**TRY IT**
Without the pictures, output all of the data exactly.

**RECORDED DATA**
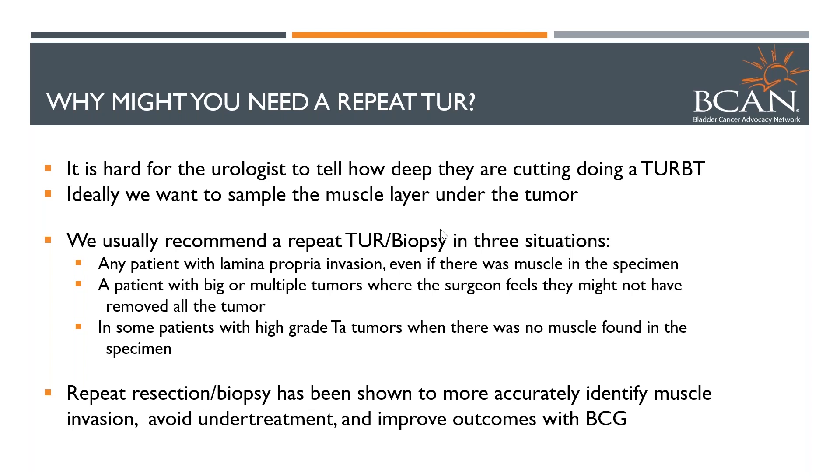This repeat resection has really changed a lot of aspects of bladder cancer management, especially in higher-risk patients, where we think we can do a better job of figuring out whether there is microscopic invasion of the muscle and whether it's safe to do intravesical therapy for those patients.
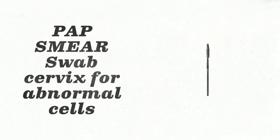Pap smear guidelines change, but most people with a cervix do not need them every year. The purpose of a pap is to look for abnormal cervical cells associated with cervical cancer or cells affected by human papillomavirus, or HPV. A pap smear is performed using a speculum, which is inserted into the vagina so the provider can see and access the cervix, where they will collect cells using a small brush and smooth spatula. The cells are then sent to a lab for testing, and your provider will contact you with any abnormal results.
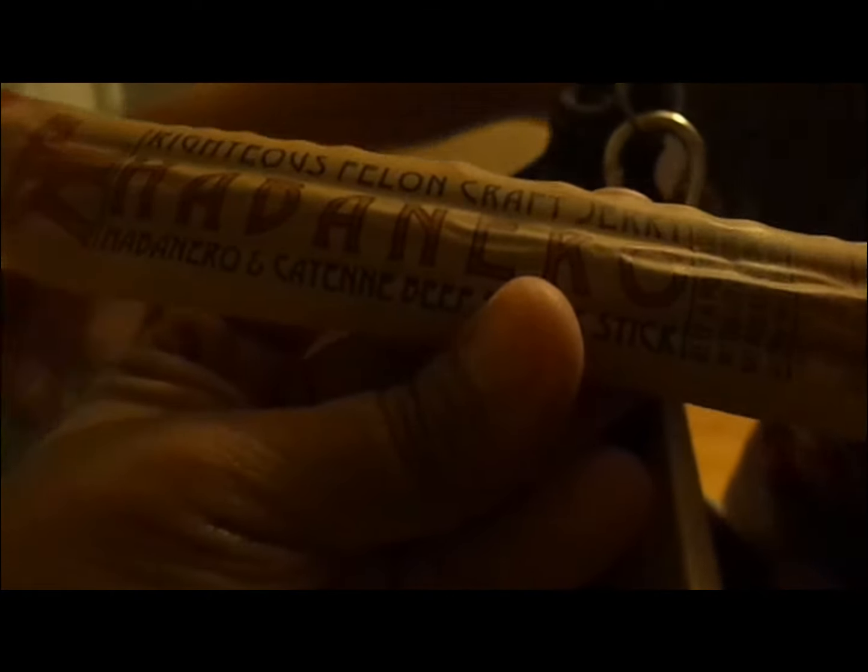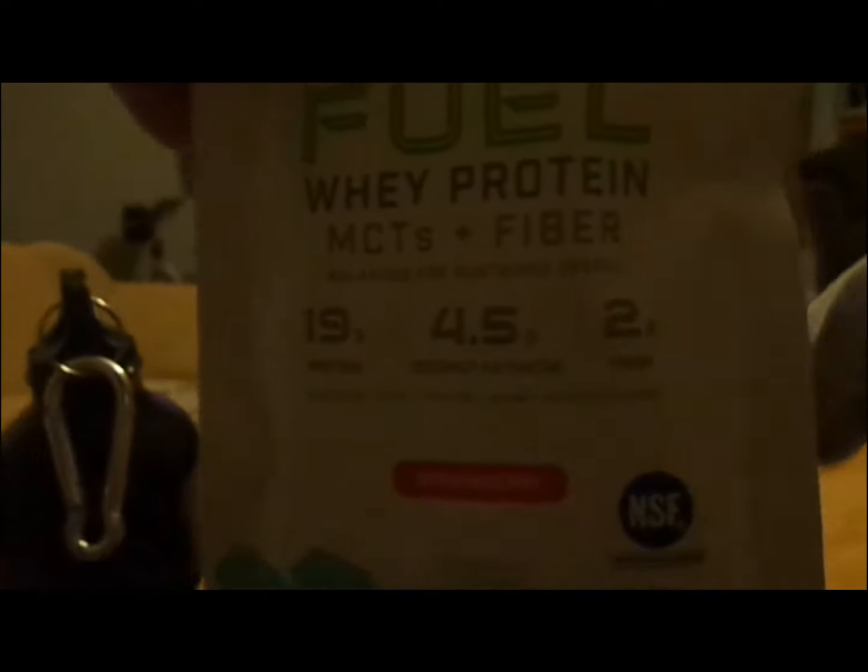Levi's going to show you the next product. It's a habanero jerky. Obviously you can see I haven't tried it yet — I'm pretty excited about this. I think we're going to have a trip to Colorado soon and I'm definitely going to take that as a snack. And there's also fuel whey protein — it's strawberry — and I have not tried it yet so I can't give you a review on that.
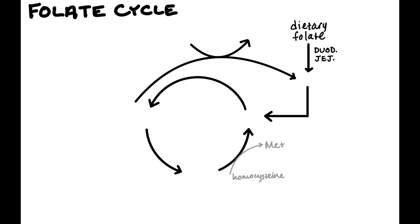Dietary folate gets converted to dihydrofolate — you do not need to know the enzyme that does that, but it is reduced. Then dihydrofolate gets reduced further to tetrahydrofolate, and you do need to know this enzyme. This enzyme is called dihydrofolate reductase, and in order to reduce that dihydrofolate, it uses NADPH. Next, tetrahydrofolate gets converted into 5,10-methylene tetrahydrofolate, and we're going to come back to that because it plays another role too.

**RESULT OF THIS EXERCISE**
This repeat resection has really changed a lot of aspects of bladder cancer management, especially in higher-risk patients, where we think we can do a better job of figuring out whether there is microscopic invasion of the muscle and whether it's safe to do intravesical therapy for those patients.
Pap smear guidelines change, but most people with a cervix do not need them every year. The purpose of a pap is to look for abnormal cervical cells associated with cervical cancer or cells affected by human papillomavirus, or HPV. A pap smear is performed using a speculum, which is inserted into the vagina so the provider can see and access the cervix, where they will collect cells using a small brush and smooth spatula. The cells are then sent to a lab for testing, and your provider will contact you with any abnormal results.
Levi's going to show you the next product. It's a habanero jerky. Obviously you can see I haven't tried it yet — I'm pretty excited about this. I think we're going to have a trip to Colorado soon and I'm definitely going to take that as a snack. And there's also fuel whey protein — it's strawberry — and I have not tried it yet so I can't give you a review on that.
Dietary folate gets converted to dihydrofolate — you do not need to know the enzyme that does that, but it is reduced. Then dihydrofolate gets reduced further to tetrahydrofolate, and you do need to know this enzyme. This enzyme is called dihydrofolate reductase, and in order to reduce that dihydrofolate, it uses NADPH. Next, tetrahydrofolate gets converted into 5,10-methylene tetrahydrofolate, and we're going to come back to that because it plays another role too.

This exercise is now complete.